Here is where I discovered one of his working papers, co-authored with Karen Albright from UC Berkeley, entitled "The Effect of Maternal Labor Market Participation on Adult Sibling's Outcomes: Does Having a Working Mother Lead to Increased Gender Equality in the Family." You can access the paper here (I don't know how to link a Pdf file to a blog post, anyone?) I couldn't resist talking about this paper here since of course I am not only intellectually interested in the effect of working mothers on their children's socioeconomic outcomes, but I am personally interested.
The abstract reads as follows:
This paper contributes to the literature on the effects of maternal labor market participation by examining the impact of having a working mother on sons’ and daughters’ educational and occupational attainment as adults. Our data suggest that brothers and sisters are more likely to experience equal educational and occupational attainment if they come from families with mothers who were employed outside the home, rather than mothers who were homemakers. Further, daughters of working mothers are more likely to achieve greater educational and occupational success than are daughters of homemakers. However, the pattern is more complex for sons of working mothers, who are less likely than sons of homemakers to achieve certain measures of educational and occupational attainment.
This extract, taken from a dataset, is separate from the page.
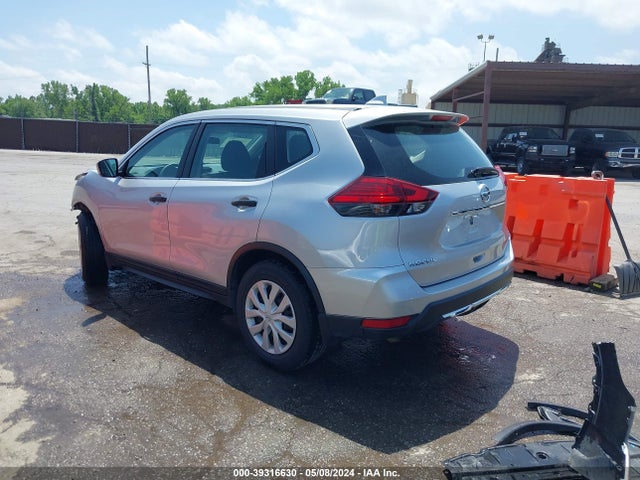 Nissan ROGUE S 2017 5N1AT2MT8HC867387 Image 3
These results are discussed in light of the effects of differential gender investment and of differential gender role expectations. (my emphasis).
I read through the paper--I won't admit to having studied it thoroughly--but enough to get a sense of why sons are less likely to achieve "certain measures of educational and occupational attainment." When the authors discuss their findings they explain:
While approximately the same percentage of sons in both types of families failed to earn a bachelors degree (45.2 percent in families with working mothers, compared to 47.8 percent in families with homemaker mothers), the college attainment of sons of working mothers was almost double that of sons of homemakers (35.5 percent to 17.4 percent). However, this pattern was reversed for postgraduate27 education: the attainment of a postgraduate degree of working mothers’ sons was 19.3 percent, compared to 34.8 percent of homemaker mothers’ sons . . .Similar to the patterns observed in siblings’ educational attainment, sons of working mothers in our sample experienced less occupational success than did the male offspring of homemaker mothers, according to the measure we employ here. (my emphasis)
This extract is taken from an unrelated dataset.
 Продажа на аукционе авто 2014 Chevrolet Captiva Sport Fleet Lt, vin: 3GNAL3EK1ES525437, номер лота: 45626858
Daughters of working mothers, however, were often the most educated sibling in the family. So, what's going on here? Earlier in their paper, the authors mention many studies that show a preference for sons, that fathers spend more time with sons, that families spend more money if they have sons, so you would think that sons might have greater professional and educational success than daughters even in families where mothers work.
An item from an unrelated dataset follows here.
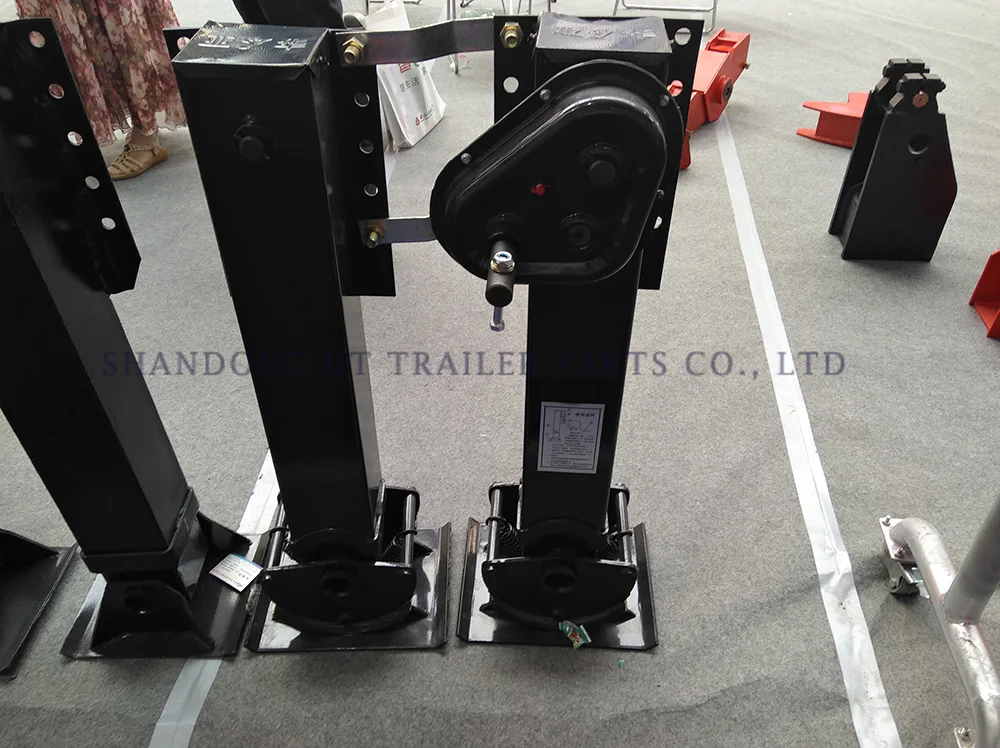 Trailer Landing Legs Jost Type - Buy Trailer Landing Legs Jost Type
One of the explanations put forward was that while resources (financial, educational and emotional) were distributed evenly between siblings, nonetheless, the mother encouraged their daughters' success even more than their sons. The idea is that mothers wanted to prepare their daughters for the unfair gender biases in favor of men once they enter the workforce.
Secondly, the authors find that while both children are expected to carry out chores in families with working mothers, that the division of labor was gendered so women did "inside" chores, while men did "outside" chores.
"Dividing the spheres of boys’ and girls’ expertise in this way sometimes had the unintended result of encouraging behavior in girls that was less rambunctious, and more easily translatable to scholarly pursuits (e.g., reading, etc.), while boys’ physical responsibility sometimes placed them in a sphere far removed from activities that might encourage educational achievement."
Thirdly, in families where the mother stayed at home, resources were lavished more on sons at the expense of daughters. This differential investment might be explained as follows: the sons will have to be the sole breadwinner in their families when they grow up. Hence, what you have here is the transmission of very traditional gender roles in families with a stay-at-home mother.
The second explanation for the findings seems the most interesting and perhaps controversial. I can imagine that this paper, if it makes it into the public debates about why boys are falling behind educationally, will (a) lead to greater outcries against women working outside the home, i.e. feminist bashing and (b) lead to more condemnations of the institutional expectations of education, i.e. quiet and less rambunctious behavior.
What I am curious about then is whether or not boys in families with stay-at-home mothers are expected to do any chores? If not, how does that help them develop more scholarly habits?
In any case, this paper is quite interesting and much of it confirms my unscientific intuitions that working outside the home will have positive benefits for my daughter. What do you think?